Stuck infinitely polling H.264 encoder device
I believe this is the root cause of https://github.com/pikvm/pikvm/issues/1217, or related to it.
In that issue, the PiKVM stream breaks when the display attached to the video capture device goes to sleep (for example, when the remote computer sleeps). The ustreamer process needs to be restarted to resume streaming.
When this happens, the stream thread is calling _H264_PUT() which calls _m2m_encoder_compress_raw(). This function appears to try to give data to the encoder device, then polls it for a response. However, in the bug condition, the encoder device never provides a response.
H264: Compressing new frame; force_key=0 ...
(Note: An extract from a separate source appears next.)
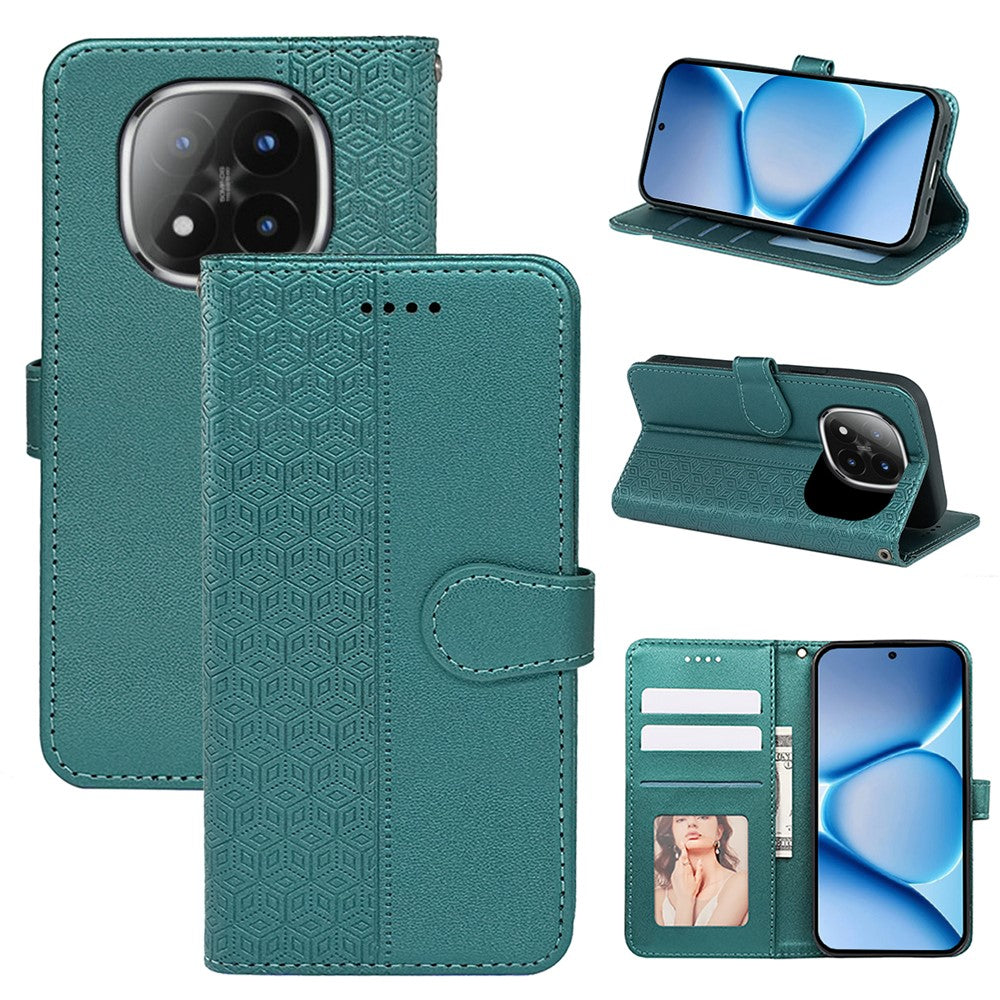 For Xiaomi Poco M8 Pro 5G / Redmi Note 15 Pro+ 5G (Global) Wallet Phone Case Pattern Imprint Leather Flip Cover - Green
H264: Using INPUT-DMA buffer=0
H264: Sending INPUT-DMA buffer ...
H264: Polling encoder ...
H264: Polling encoder ...
H264: Polling encoder ...
https://github.com/pikvm/ustreamer/blob/2dddb879bc715805ae9e733f7bdcc78a6a23b123/src/ustreamer/m2m.c#L444-L453
The loop repeats forever until there is a POLLIN event. (There is no checking for other types of errors, but with a debugger I confirmed the revents value is 0x0000, not an error condition.)
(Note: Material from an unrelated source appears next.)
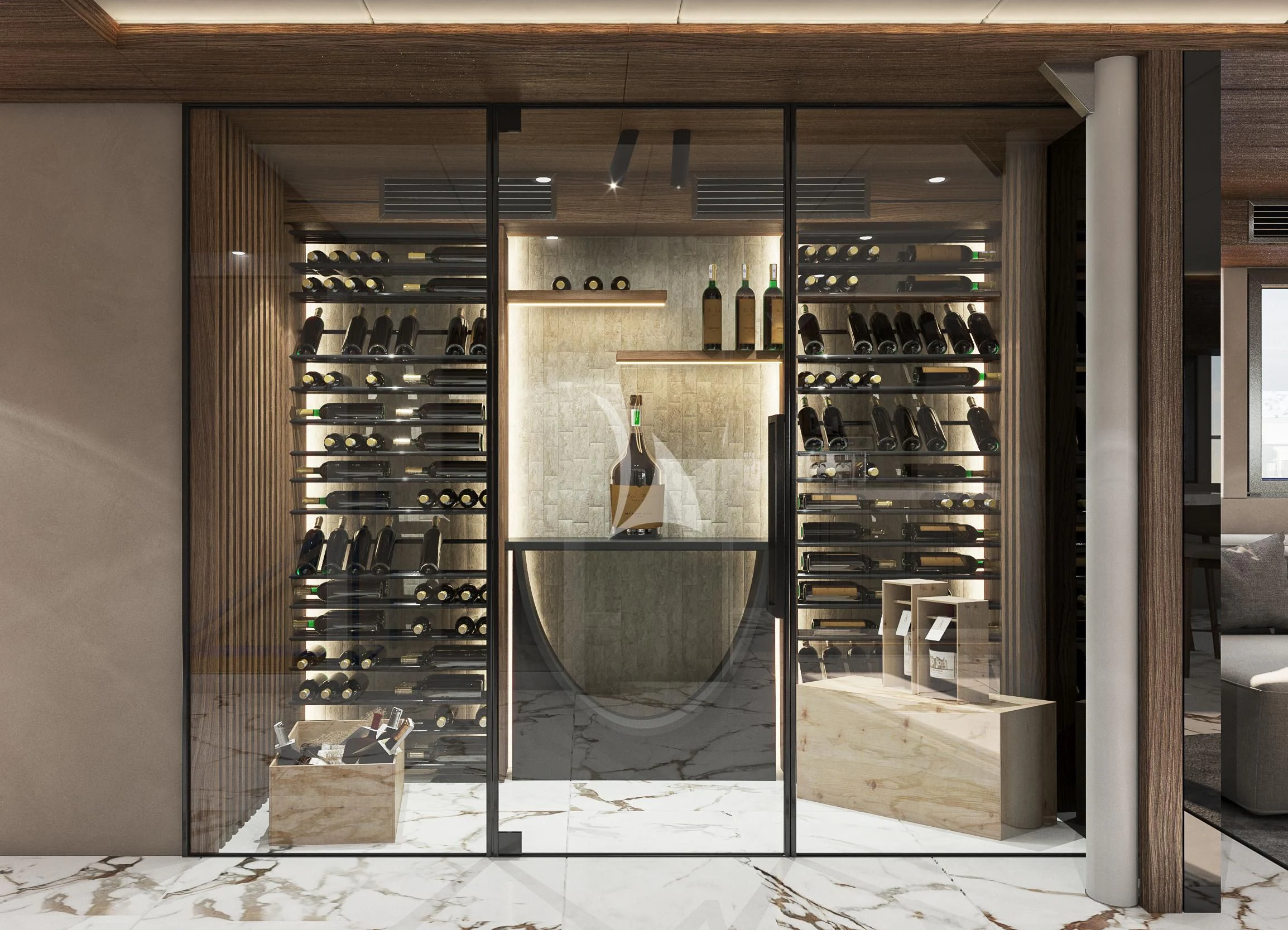 a wine rack in a wine cellar aboard AETERNA Yacht for Sale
Anyway, this infinite polling loop has no overall timeout. Thus, if for some reason the encoder doesn't give us anything back, we get stuck here forever.
Some suggestions:
-
[ ] Add an overall timeout for the cumulative time spent polling, and
goto error. This would kick the error back tous_h264_stream_process()but I'm not sure what the error handling is (e.g., does it reset the encoder device).Worth considering if hitting a 1000ms timeout even once from the encoder is already strong evidence that it's not working, considering how quickly we need the encoded frame.
-
[ ] Add some temporary tracing to see the last things sent to the encoder so we can create a reproducible test case about why it doesn't respond.
-
[ ] Move the H.264 encoder out of the
streamthread to a dedicated thread, so if it dies, at least the JPEG worker threads can continue to run. -
[ ] Handle events returned from
poll()other thanPOLLIN.
# ustreamer --version
5.48
Wow. Thanks for the investigation. I believe that the reason lies in the fact that the H264 buffer is transmitted via DMA directly from HDMI capture. To confirm that this is a DMA, you can temporarily disable it here:
https://github.com/pikvm/ustreamer/blob/master/src/ustreamer/m2m.c#L55
Just change true to false. If the error disappears, then we can investigate the DMA further.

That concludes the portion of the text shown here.